Un homme d'une cinquantaine d'année s'interroge sur le sens de la vie, sur le sens de sa vie. Depuis huit ans il n'a pas touché une femme, depuis son divorce. Trois femmes comptent dans sa vie, trois Gudrun, sa mère, son ex-femme et sa fille.
Jonas Ebeneser a pourtant une passion : celle de restaurer, réparer et retaper les meubles, les pièces ou les objets qui ne se portent pas bien. Bientôt, il ne trouve plus de réconfort à réparer les choses, la crise existentielle de la cinquantaine frappe à la porte de son âme.
Il décide d'en finir puisque les trois femmes de sa vie ne semblent faire que peu de cas de lui et de ses questionnements.

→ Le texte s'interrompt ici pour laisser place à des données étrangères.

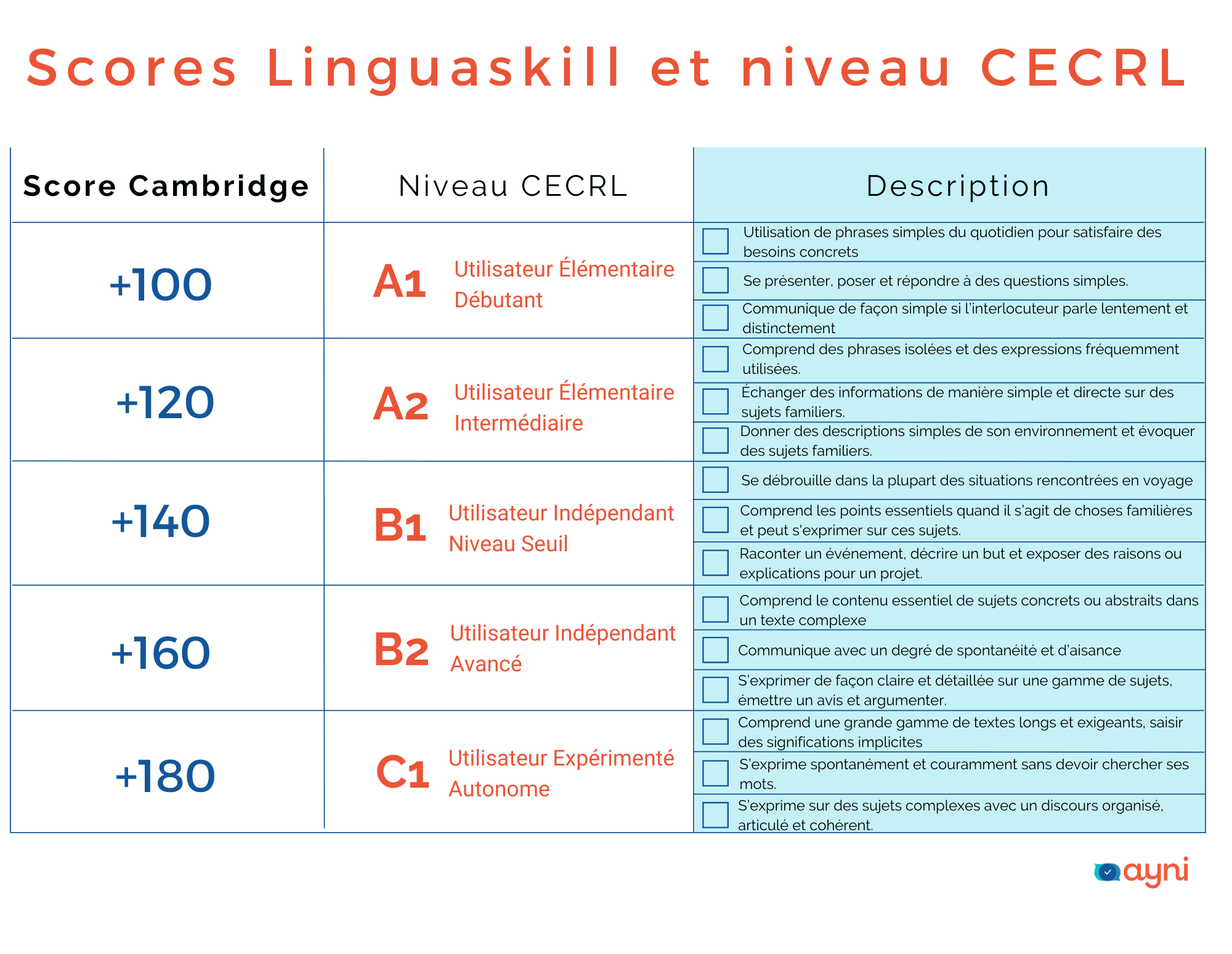 Equivalence des scores Linguaskill avec le niveau CECRL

Il liquide son entreprise, prend un minimum d'affaires, ses outils les plus utiles, dont sa perceuse, et un billet d'avion pour un pays en guerre pour mettre fin à ses jours, disparaître sans laisser de trace.
Sauf que...
Le pays ravagé par la guerre connaît une trêve, l'hôtel « Silence » où il a réservé une chambre pour quelques jours, renaît doucement de ses cendres grâce à l'opiniâtreté des neveu et nièce, Fifi et May, de la propriétaire.
La ville balnéaire panse ses plaies comme elle peut, tente de vivre normalement depuis que les démineurs ont rendu sûrs quelques quartiers, Jonas est un des trois touristes accueillis par l'Hôtel Silence, annonceur d'une possible embellie sur un pays en ruines.
Jonas prend peu à peu conscience que tout est à réparer, retaper ou restaurer dans la ville et surtout dans l'hôtel.
Il commence par rendre fonctionnelle la douche de sa chambre ce qui n'échappe pas à May. Un lien s'instaure entre Jonas et les jeunes gens au point qu'il cède à leur demande d'aide pour remettre en état les chambres de l'hôtel.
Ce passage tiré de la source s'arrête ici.